The hyphen allows people to have two identities simultaneously. Over the past 40 years, the emphasis has moved, but that is valuable. The 1970s was an era when people focused on the front half of the hyphen (African, mexican, gay, female, etc). The 1980s and the communist threat brought the focus back on the second half. We were all Americans united against the commies. Once the common enemy was vanquished, the 1990s brought a swing back to identity politics. Limbaugh famously ridiculed one group as "Feminazis", but others saw identity politics important. And pointed to the fact that Clinton had the most diverse Cabinet ever (and Bush followed suit) as a victory. In the aftermath of 9/11, the emphasis moved again to the AMERICAN side of the hyphen. We were united (at least for a little bit) against a common enemy.

Yet in the U.K., they don't use or have the hyphen. They have the catch all phrase "British", but no one knows what that means. A man from Northern Ireland, a 2nd generation Carribean immigrant, a Pakistani Muslim and a woman from Hong Kong are all British. They have nothing in common. What does it mean to be British? What if one gets mad at the government or society at large? You can't opt out. You are JUST British.

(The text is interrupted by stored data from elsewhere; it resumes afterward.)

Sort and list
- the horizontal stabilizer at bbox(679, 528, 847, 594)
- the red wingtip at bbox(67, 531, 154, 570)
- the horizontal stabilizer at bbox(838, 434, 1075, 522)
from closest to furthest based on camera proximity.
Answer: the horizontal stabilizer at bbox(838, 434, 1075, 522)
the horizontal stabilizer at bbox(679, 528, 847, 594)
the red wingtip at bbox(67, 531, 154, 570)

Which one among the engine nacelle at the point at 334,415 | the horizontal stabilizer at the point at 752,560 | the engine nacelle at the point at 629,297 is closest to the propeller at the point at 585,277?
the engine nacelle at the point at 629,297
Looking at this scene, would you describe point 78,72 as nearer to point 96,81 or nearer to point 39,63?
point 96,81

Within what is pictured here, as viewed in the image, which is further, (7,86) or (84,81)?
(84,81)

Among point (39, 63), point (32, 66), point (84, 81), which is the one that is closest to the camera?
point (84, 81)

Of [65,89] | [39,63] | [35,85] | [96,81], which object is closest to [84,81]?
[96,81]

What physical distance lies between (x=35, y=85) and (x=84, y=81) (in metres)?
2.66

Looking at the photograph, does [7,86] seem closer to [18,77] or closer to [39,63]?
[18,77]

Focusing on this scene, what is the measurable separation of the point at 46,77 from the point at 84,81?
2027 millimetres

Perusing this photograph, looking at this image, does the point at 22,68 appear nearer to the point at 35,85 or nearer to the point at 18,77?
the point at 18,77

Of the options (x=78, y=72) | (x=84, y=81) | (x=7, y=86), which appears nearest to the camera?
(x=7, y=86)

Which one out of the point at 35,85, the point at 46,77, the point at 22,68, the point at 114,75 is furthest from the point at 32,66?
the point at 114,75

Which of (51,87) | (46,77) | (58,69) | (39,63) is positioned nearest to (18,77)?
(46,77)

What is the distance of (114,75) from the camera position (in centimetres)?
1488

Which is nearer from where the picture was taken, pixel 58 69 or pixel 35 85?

One of the after effects of the July bombings is the recognition that the U.K. is fractured along ethnic groups without a common identity. Early this week, Chancellor Brown gave a speech promoting Britishness. He defined it as a belief in "liberty, fairness and responsibility." Pretty weak ties to bind. I certainly believe in those, but I'm not British. The French believe in those ideals (most of the time), but they aren't British. What is one to do when the government fails to uphold these principles? Does it cease to be British? The U.K. is missing the hyphen.

Compare that with the power of the hyphen. Muslim-American girls and sororities explore common ground. These girls can emphasize their Muslimness while at the same time enjoying something very All-American. They can have duel identities. As events dictate, these girls (and all hyphened Americans) can switch between the two. They can have the best of both worlds.